I have the below query that gets counts of distinct USERID's from the various tables and sums them to a grand total. I am expecting a total of 35 as the results, however I am only getting 30 as a result from this query.
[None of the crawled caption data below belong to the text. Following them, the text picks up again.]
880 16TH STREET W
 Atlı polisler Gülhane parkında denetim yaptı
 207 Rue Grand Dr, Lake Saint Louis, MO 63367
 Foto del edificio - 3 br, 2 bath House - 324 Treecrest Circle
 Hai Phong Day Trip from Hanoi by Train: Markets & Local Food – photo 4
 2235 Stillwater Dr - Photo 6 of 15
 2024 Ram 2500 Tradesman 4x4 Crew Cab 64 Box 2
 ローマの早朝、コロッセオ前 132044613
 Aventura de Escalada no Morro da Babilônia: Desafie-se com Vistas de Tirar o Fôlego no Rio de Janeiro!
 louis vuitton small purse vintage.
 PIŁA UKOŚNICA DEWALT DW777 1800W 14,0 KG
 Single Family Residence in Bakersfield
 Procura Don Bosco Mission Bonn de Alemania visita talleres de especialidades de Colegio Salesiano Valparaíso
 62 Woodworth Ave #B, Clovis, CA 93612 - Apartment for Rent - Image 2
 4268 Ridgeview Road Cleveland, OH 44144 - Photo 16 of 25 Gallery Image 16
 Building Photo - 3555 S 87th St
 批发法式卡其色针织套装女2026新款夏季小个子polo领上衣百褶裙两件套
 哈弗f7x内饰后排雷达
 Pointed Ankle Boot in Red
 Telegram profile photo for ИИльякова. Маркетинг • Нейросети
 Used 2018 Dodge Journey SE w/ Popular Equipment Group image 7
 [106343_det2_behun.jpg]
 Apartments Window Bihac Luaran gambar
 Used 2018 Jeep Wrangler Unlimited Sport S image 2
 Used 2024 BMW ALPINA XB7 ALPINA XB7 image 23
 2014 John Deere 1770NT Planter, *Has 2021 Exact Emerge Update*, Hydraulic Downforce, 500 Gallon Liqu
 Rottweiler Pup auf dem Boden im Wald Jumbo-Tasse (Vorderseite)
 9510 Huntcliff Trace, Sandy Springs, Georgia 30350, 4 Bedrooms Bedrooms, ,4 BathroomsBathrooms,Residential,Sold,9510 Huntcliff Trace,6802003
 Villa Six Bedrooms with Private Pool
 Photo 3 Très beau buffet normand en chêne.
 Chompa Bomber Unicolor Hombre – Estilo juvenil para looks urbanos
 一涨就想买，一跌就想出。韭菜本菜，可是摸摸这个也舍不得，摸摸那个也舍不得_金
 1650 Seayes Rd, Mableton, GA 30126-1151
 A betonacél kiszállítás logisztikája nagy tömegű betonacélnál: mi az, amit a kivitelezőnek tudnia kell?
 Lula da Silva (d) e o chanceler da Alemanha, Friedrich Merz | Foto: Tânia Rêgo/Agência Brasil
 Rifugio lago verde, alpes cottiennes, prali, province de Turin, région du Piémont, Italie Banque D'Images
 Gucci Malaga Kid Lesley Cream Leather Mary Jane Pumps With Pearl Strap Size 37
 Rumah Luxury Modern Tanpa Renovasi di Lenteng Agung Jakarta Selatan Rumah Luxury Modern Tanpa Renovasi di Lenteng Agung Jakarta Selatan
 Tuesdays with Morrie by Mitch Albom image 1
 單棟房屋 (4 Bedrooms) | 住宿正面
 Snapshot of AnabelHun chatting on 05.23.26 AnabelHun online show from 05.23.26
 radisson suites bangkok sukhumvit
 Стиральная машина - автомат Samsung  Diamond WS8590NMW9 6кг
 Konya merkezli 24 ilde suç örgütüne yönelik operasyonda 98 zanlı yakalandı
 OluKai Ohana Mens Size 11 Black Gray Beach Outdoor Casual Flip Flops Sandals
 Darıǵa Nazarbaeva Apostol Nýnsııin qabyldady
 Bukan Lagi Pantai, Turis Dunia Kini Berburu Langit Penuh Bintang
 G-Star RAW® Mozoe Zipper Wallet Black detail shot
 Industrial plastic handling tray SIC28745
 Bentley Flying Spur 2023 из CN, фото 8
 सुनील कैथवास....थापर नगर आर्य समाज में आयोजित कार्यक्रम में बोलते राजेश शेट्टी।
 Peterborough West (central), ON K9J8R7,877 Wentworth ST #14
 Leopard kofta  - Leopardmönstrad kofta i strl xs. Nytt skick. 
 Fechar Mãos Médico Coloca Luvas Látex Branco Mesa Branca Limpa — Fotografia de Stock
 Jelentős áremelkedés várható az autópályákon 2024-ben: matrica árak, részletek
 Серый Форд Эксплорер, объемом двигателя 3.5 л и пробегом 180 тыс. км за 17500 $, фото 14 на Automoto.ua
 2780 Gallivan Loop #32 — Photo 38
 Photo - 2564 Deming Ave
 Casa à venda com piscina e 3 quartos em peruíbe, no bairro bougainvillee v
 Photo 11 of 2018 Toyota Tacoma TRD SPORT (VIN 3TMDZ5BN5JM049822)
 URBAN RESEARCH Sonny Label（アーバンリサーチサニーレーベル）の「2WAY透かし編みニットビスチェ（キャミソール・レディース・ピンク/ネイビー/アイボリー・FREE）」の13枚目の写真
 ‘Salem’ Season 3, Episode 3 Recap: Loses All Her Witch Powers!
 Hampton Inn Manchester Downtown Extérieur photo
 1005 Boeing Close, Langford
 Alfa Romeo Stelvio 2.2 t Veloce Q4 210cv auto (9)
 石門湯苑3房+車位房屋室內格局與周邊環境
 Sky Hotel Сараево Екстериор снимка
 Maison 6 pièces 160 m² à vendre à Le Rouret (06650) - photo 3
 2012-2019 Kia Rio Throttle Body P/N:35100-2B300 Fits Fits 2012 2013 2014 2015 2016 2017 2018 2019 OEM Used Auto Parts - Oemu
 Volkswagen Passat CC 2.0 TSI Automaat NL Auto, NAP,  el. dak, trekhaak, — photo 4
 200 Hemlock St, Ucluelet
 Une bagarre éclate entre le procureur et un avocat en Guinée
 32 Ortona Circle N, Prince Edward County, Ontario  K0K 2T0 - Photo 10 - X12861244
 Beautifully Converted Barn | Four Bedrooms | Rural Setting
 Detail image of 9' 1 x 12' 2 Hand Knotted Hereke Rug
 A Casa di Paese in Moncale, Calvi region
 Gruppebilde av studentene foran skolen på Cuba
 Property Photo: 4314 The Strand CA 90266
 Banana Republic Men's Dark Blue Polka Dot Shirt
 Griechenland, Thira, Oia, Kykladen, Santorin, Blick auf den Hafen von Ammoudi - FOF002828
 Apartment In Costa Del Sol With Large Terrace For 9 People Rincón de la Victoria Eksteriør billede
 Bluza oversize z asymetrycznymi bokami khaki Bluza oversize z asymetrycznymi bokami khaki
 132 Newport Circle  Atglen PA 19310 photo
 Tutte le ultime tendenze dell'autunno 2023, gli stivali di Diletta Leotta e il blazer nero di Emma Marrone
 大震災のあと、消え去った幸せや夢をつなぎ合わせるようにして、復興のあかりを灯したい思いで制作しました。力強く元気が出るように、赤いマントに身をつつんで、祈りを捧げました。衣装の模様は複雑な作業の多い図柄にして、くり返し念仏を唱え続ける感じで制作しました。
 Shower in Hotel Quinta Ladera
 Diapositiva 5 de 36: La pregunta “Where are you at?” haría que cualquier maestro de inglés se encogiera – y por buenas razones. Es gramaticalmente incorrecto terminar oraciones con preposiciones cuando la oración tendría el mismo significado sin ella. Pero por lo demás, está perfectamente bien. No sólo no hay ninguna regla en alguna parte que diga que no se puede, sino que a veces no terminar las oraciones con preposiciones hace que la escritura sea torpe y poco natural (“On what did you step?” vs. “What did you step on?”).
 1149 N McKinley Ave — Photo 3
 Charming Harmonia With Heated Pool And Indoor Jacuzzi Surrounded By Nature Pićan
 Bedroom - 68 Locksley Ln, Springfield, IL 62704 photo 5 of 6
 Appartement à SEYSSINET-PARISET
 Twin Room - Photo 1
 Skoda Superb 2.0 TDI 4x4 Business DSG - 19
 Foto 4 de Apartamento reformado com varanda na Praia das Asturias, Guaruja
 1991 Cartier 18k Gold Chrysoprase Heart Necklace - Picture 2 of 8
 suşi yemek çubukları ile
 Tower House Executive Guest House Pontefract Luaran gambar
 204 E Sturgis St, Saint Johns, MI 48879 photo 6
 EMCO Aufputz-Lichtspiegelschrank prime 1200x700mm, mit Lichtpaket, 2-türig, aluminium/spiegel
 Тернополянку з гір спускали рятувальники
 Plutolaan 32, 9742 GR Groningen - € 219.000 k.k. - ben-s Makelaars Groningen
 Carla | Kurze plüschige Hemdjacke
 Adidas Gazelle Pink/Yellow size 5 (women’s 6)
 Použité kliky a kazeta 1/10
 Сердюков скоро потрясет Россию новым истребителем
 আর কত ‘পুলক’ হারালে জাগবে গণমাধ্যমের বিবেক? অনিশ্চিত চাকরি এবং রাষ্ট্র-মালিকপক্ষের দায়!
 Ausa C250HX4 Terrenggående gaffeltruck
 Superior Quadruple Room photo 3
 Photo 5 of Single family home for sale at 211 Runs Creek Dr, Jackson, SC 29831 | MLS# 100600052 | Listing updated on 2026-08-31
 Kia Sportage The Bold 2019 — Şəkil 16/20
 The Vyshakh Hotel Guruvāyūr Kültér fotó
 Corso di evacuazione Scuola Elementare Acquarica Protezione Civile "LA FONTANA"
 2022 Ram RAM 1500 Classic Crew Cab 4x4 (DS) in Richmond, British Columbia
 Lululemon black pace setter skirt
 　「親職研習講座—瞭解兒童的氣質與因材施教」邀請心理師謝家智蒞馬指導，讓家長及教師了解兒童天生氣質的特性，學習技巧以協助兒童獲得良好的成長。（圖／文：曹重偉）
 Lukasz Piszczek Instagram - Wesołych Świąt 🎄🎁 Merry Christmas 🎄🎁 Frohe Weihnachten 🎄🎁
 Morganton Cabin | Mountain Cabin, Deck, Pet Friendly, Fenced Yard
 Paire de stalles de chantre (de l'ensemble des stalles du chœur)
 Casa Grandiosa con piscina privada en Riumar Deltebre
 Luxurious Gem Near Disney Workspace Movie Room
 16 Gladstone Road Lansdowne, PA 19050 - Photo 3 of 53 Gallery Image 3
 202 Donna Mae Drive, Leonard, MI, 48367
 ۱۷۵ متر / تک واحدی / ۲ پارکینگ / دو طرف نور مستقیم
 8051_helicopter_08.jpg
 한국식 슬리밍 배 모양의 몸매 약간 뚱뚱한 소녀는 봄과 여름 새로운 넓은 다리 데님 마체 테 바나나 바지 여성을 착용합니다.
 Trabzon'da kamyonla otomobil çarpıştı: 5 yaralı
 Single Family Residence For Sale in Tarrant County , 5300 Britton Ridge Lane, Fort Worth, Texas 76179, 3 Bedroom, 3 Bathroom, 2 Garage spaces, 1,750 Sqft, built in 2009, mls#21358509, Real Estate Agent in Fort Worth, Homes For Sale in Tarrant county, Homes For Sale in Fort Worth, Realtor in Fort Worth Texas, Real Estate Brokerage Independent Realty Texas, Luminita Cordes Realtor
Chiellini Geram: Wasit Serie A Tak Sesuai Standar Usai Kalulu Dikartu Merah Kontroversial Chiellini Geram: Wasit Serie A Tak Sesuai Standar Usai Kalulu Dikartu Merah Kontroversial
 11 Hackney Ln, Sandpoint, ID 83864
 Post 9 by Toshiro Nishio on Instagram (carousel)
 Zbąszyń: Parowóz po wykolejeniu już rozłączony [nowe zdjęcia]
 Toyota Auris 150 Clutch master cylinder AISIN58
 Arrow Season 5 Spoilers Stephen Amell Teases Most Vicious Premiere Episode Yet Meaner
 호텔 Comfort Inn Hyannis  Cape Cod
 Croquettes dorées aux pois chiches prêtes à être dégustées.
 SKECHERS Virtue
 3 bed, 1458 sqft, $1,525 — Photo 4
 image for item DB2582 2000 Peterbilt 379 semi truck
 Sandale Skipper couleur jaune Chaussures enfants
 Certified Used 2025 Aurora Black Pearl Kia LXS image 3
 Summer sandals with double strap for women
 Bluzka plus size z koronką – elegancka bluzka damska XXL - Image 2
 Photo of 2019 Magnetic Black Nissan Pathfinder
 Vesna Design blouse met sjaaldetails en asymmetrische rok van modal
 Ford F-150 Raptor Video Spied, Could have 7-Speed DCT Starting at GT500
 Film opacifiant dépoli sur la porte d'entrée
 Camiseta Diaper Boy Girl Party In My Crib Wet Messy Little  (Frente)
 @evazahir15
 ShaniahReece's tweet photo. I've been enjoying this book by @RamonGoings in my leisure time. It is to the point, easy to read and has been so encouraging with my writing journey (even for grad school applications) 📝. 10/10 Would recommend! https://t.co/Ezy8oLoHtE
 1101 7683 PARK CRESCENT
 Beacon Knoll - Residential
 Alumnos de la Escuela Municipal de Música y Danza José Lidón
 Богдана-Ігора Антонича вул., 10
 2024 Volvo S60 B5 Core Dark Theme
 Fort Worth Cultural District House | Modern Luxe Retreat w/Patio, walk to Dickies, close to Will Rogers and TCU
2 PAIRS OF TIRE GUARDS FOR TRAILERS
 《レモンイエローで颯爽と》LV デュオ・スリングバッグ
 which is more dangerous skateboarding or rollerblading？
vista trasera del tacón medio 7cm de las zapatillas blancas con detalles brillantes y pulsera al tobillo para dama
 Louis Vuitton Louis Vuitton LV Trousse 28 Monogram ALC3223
What it appears to be doing is when it finds the same USERID in more than one row in any table, it is counting them only once (It is fine that USERID's appear more than once in a table based on how it was structured).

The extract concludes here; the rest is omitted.